■ **Data listing**
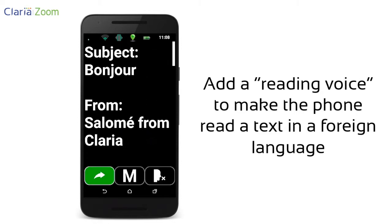Subject: Bonjour. From: Salome. Bonjour, comment vas-tu? Puis-je te appeler plus tard pour planifier un rendez-vous?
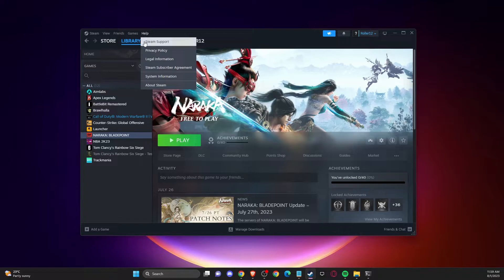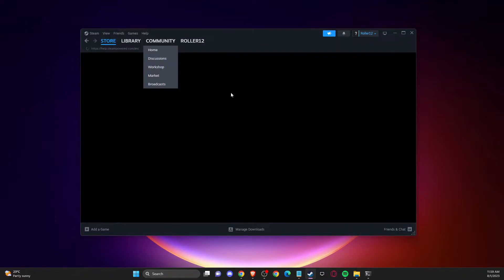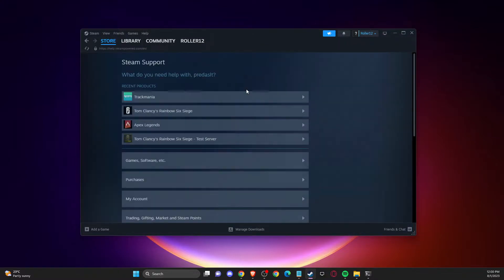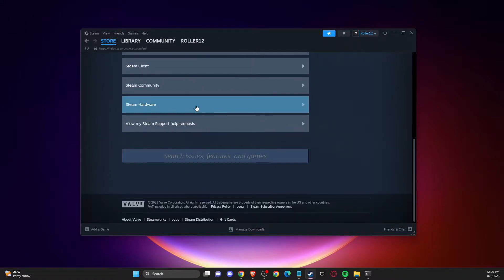You need to press on that, and then you need to press on Steam Support. On this window, you will need to scroll down until you see 'View my Steam support help requests.'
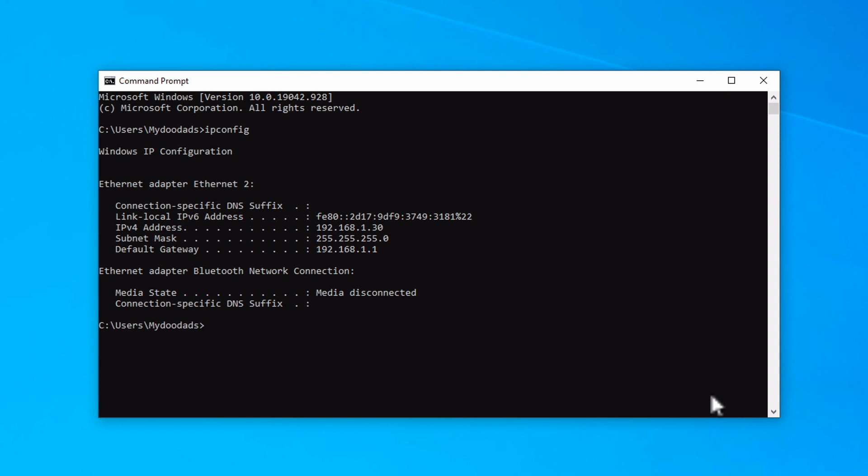Now to gracefully close the command prompt window, if we type exit and then press enter on our keyboard, our command prompt session will end.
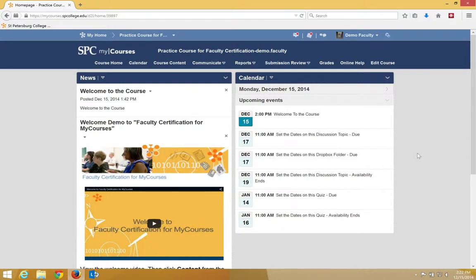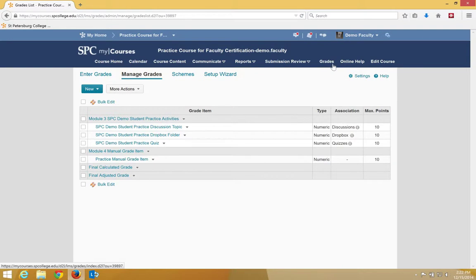You use gradebook categories to organize and group related grade items into sections. Click the Grades tab on the nav bar. In the Manage Grades area, click the New button and click Category.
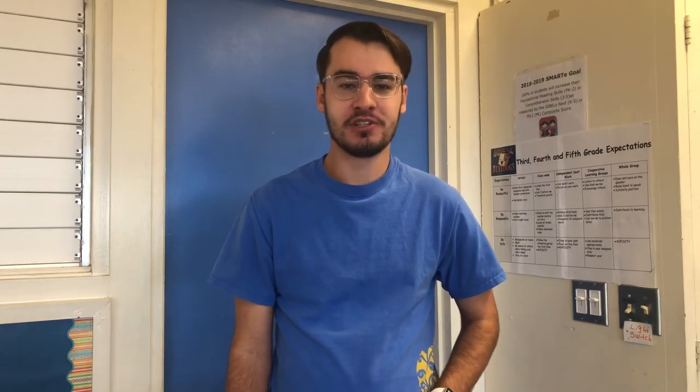Aloha everybody, Mr. Pike here. In this video, I'm going to show you the very basics of getting your Chromebook set up and ready for online learning.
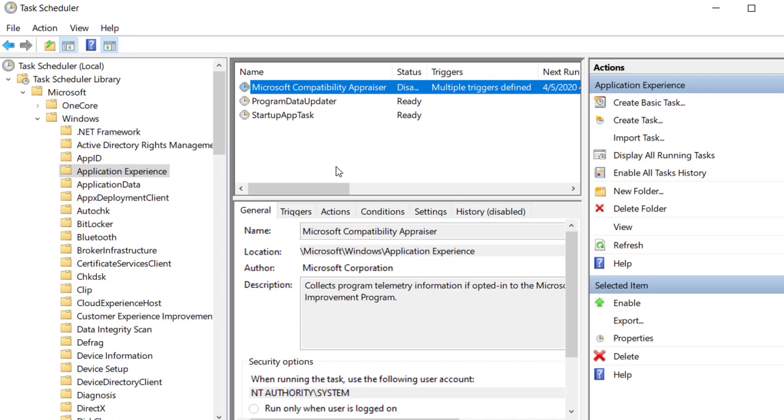We can just simply disable this application from here. After you disable this task, you can restart your computer and this process will no more consume CPU on your computer. This is how we can fix high CPU usage by Microsoft Compatible Telemetry.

■ **Your assignment**
For this exercise, retype the data above exactly and skip every image.

■ **Task response**
Subject: Bonjour. From: Salome. Bonjour, comment vas-tu? Puis-je te appeler plus tard pour planifier un rendez-vous?
You need to press on that, and then you need to press on Steam Support. On this window, you will need to scroll down until you see 'View my Steam support help requests.'
Now to gracefully close the command prompt window, if we type exit and then press enter on our keyboard, our command prompt session will end.
You use gradebook categories to organize and group related grade items into sections. Click the Grades tab on the nav bar. In the Manage Grades area, click the New button and click Category.
Aloha everybody, Mr. Pike here. In this video, I'm going to show you the very basics of getting your Chromebook set up and ready for online learning.
We can just simply disable this application from here. After you disable this task, you can restart your computer and this process will no more consume CPU on your computer. This is how we can fix high CPU usage by Microsoft Compatible Telemetry.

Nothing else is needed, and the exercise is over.